• Task directions: Don't include pictures. Quote the lines below from the first through the line that contains "BOTIN MUJER MANDY 127402 NEGRO - 1".

(Crawled caption data)
Content starts

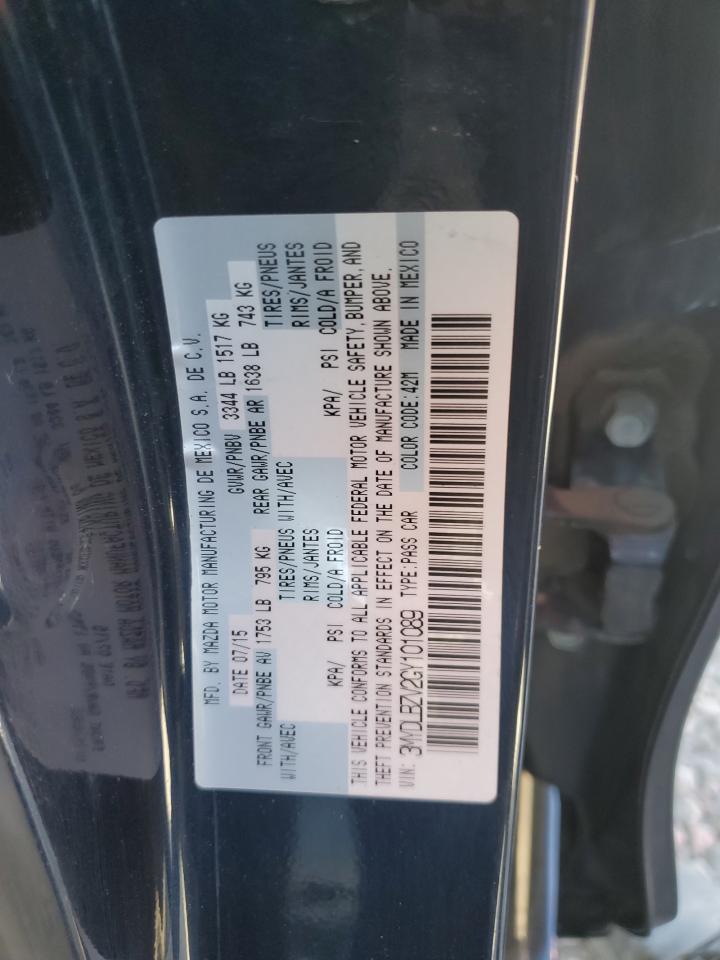 3MYDLBZV2GY101089 2016 Toyota Scion Ia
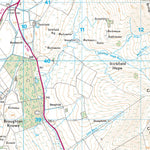 Tweeddale West Ward 1 (1:25,000) Preview 2
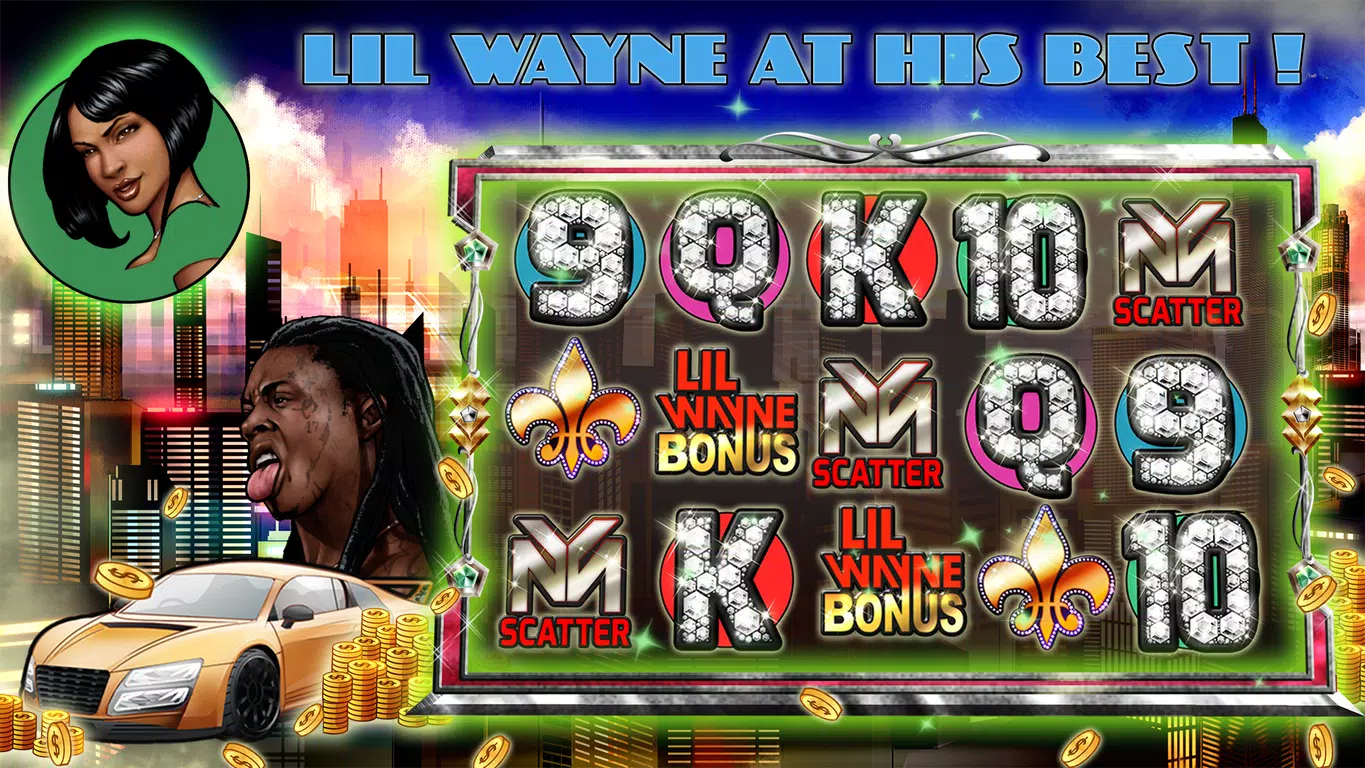 LIL WAYNE SLOTS: Slot Machines Casino Games Free! Screenshot 3 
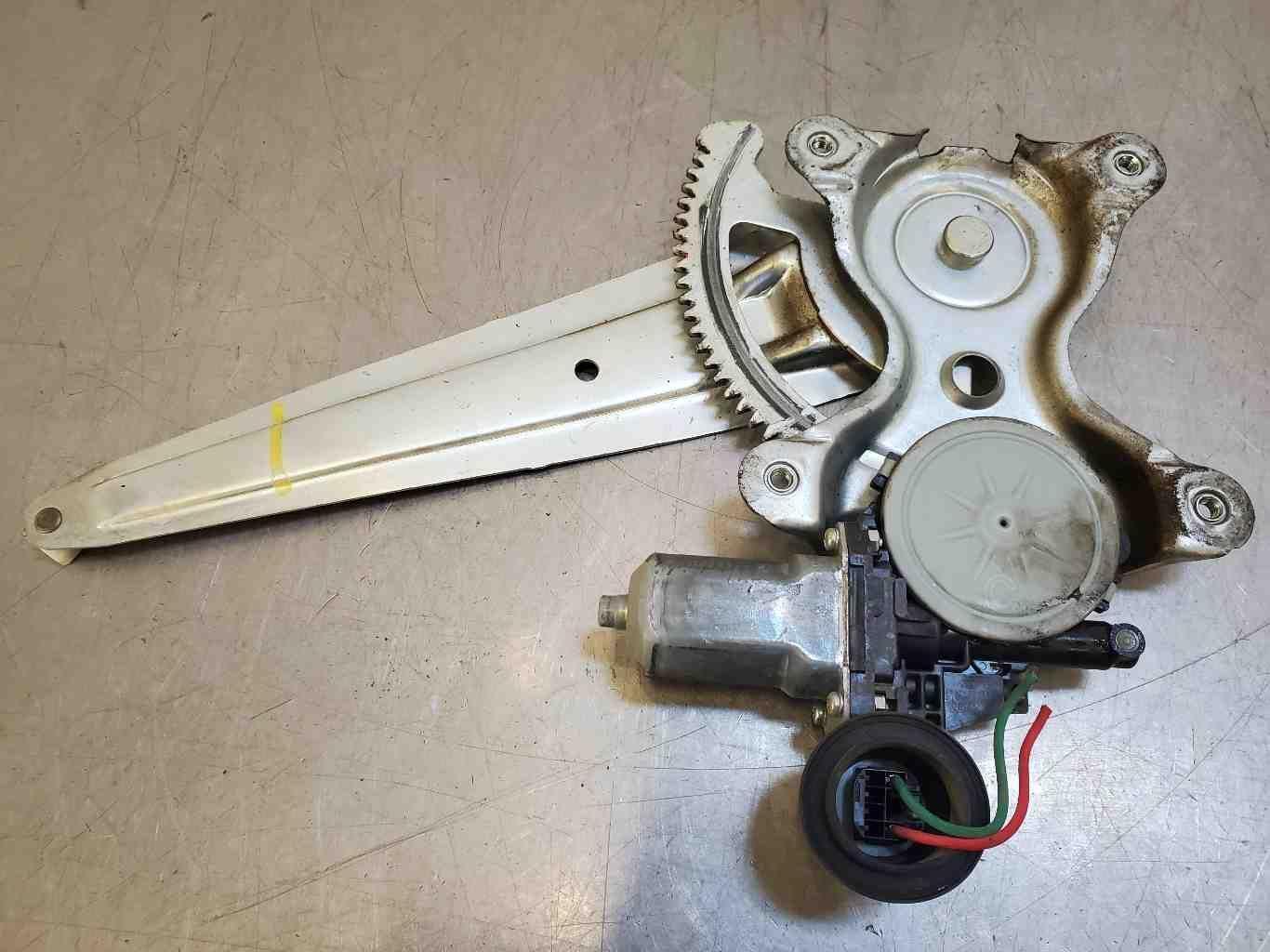 07-21 TOYOTA TUNDRA Rear LH Left Side Cargo Regulator Electric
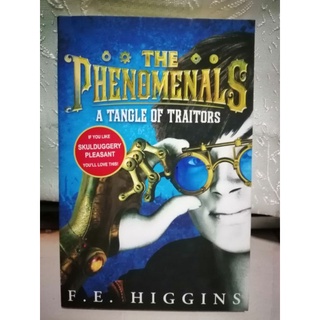 The Phenomenals, by Higgins-178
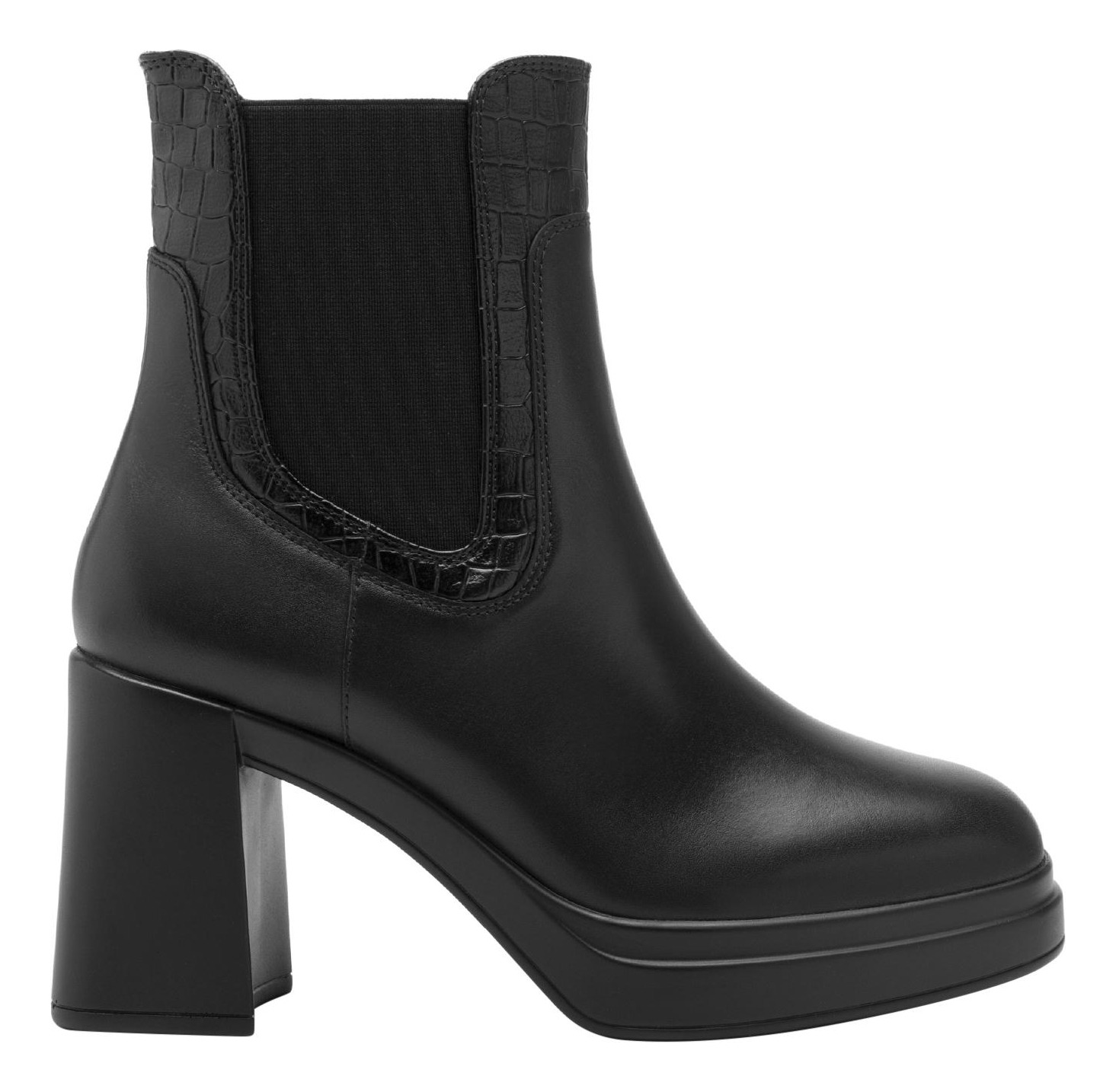 BOTIN MUJER MANDY 127402 NEGRO - 1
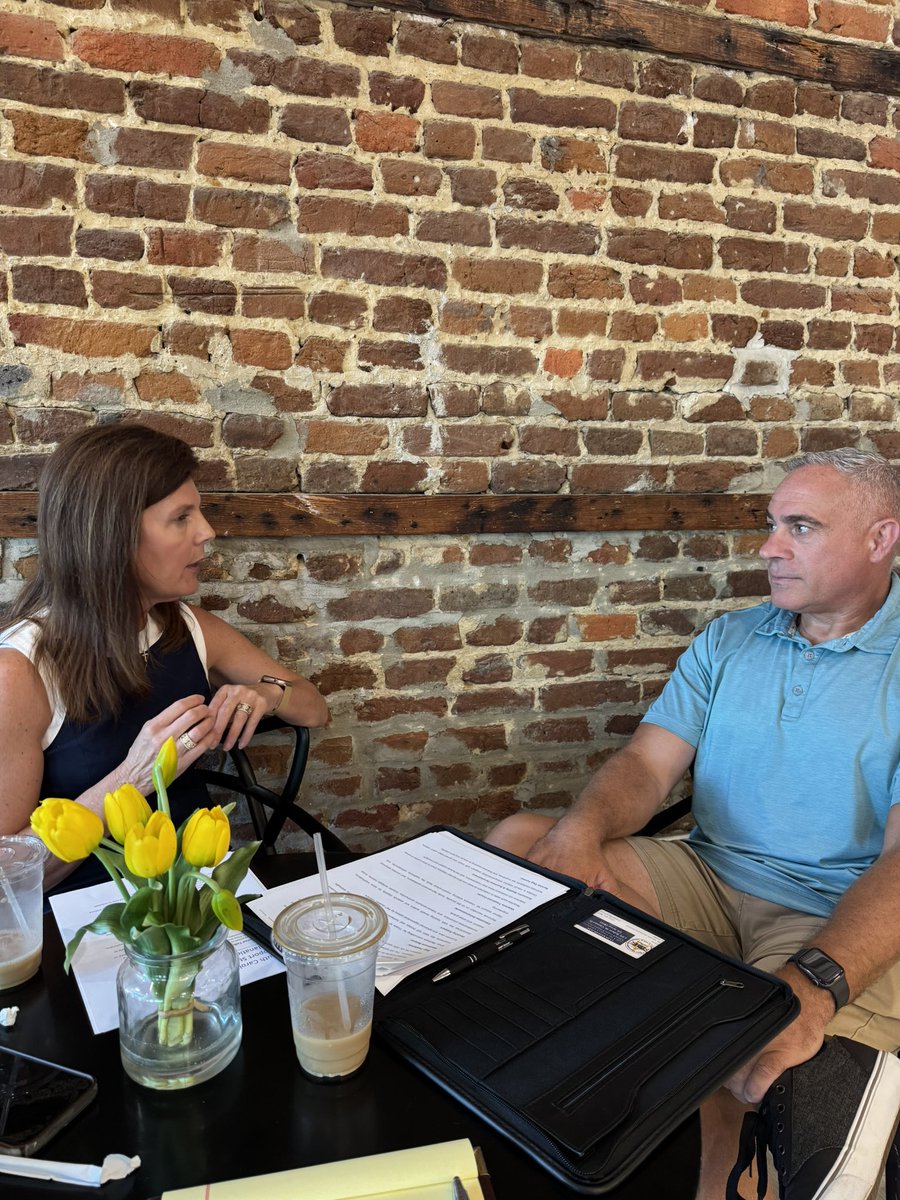 CPT C (@cptforsc) on Twitter photo Met with SC Lt Gov <a href="/PamelaEvette/">Lt. Gov. Pamela Evette</a> to discuss bold, actionable steps to make South Carolina the greatest Veteran state in the Union.
From mental health and housing to job training and entrepreneurship weâre outlining a mission-first approach that puts Veterans first, not last. Met with SC Lt Gov <a href="/PamelaEvette/">Lt. Gov. Pamela Evette</a> to discuss bold, actionable steps to make South Carolina the greatest Veteran state in the Union.
From mental health and housing to job training and entrepreneurship weâre outlining a mission-first approach that puts Veterans first, not last.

Content ends

• Response to this exercise:
 3MYDLBZV2GY101089 2016 Toyota Scion Ia
 Tweeddale West Ward 1 (1:25,000) Preview 2
 LIL WAYNE SLOTS: Slot Machines Casino Games Free! Screenshot 3 
 07-21 TOYOTA TUNDRA Rear LH Left Side Cargo Regulator Electric
 The Phenomenals, by Higgins-178
 BOTIN MUJER MANDY 127402 NEGRO - 1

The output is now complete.